The President of the UN General Assembly has informed member states in a letter that a meeting will be held on Thursday to address the conflict initiated by the attack carried out by Hamas militants on Israel.
The Security Council has so far failed to agree on a resolution concerning the war, but a number of states — including Jordan on behalf of an Arab group of nations, Russia, Syria, Bangladesh, Vietnam and Cambodia — formally requested General Assembly President Dennis Francis to schedule the meeting.
Last week, the UN Security Council, regularly divided on the Israeli-Palestinian issue, rejected a Russian draft resolution calling for a “humanitarian pause.”
Only five of the 15 member states had supported the text, which condemned all violence against civilians and all terrorist acts, but did not name Hamas, an unacceptable omission to the United States, the United Kingdom and France.

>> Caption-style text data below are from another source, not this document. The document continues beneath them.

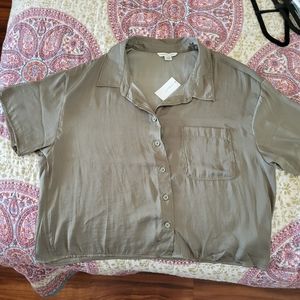 American Eagle Silky Button Up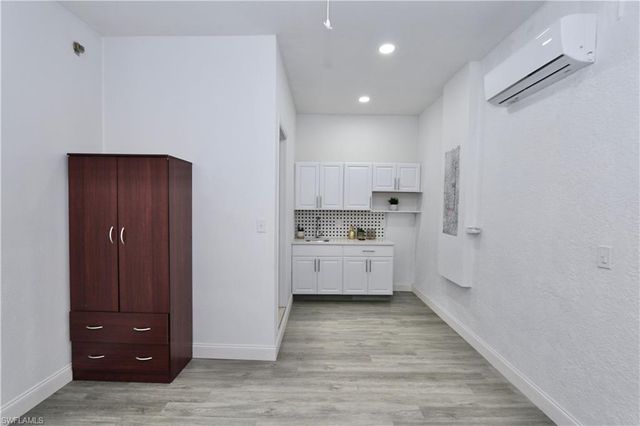 233 39th AVE NE, Naples, FL 34120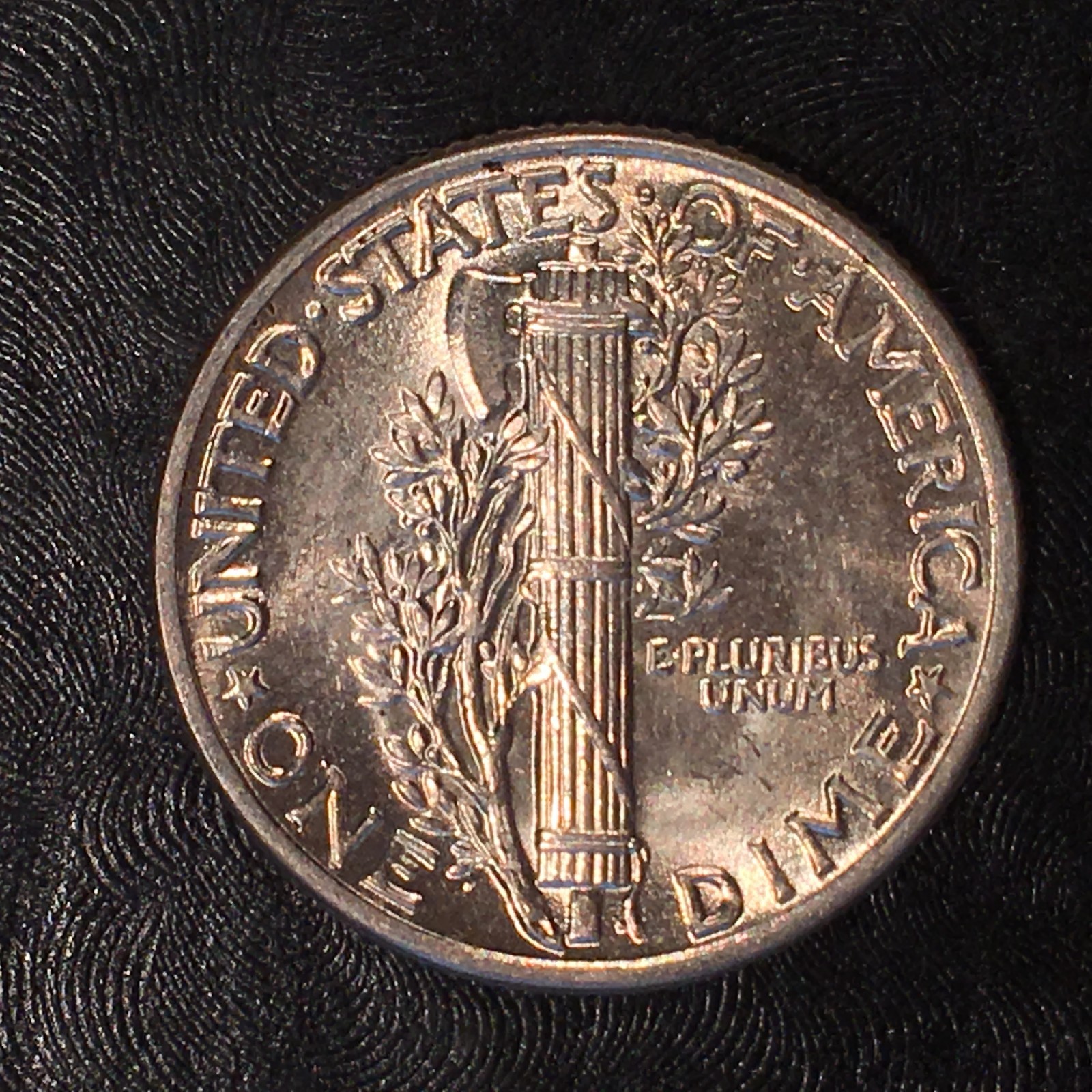 1942 Mercury Dime - Superb uncirculated - High Quality Scans #G636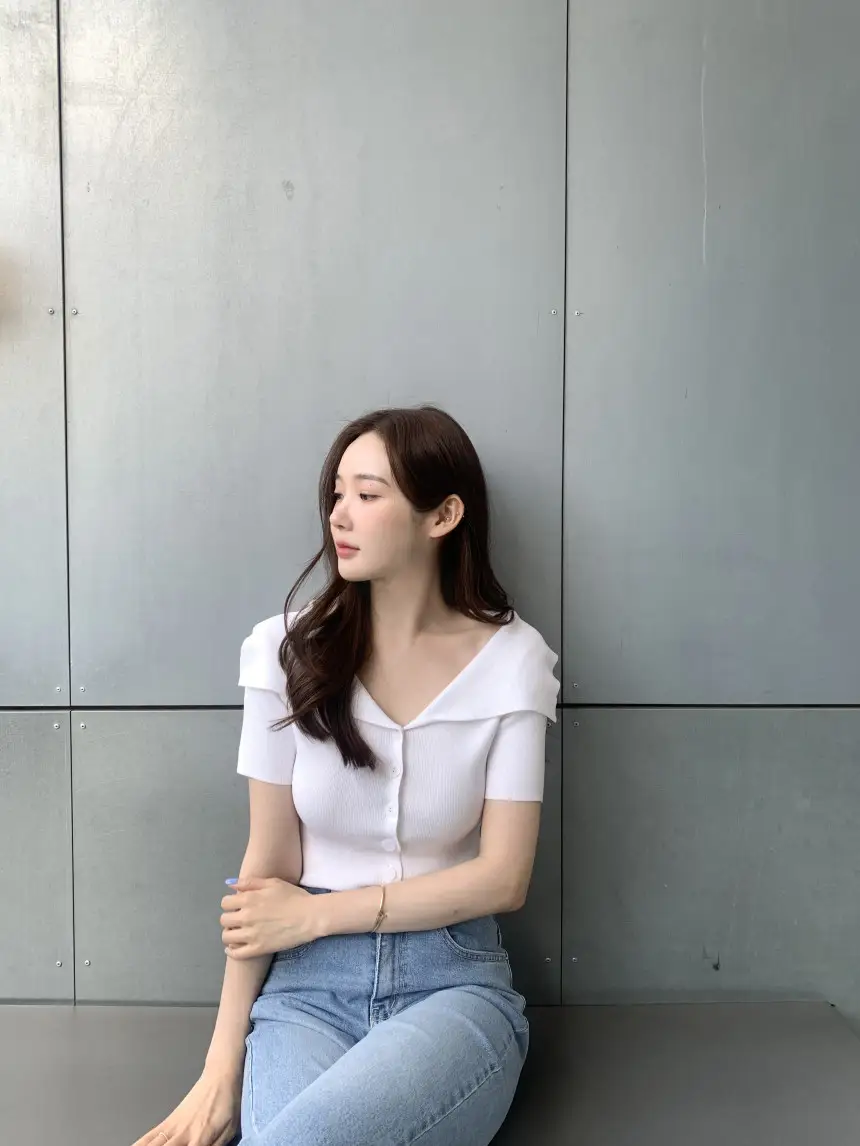 오프숄더 반소매 니트 상세 이미지 39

Washington then vetoed a second resolution put forward by Brazil as the text did not mention Israel’s right to defend itself.
Twelve out of 15 Council members voted in favor of that resolution, which also condemned the “heinous terrorist attacks by Hamas,” while Russia and the United Kingdom abstained.
The United States was the only vote against, but as one of the body’s five permanent members its vote counts as a veto.
The Security Council will meet to discuss the issue Tuesday ahead of the General Assembly’s gathering Thursday at 10:00 am (1400 GMT).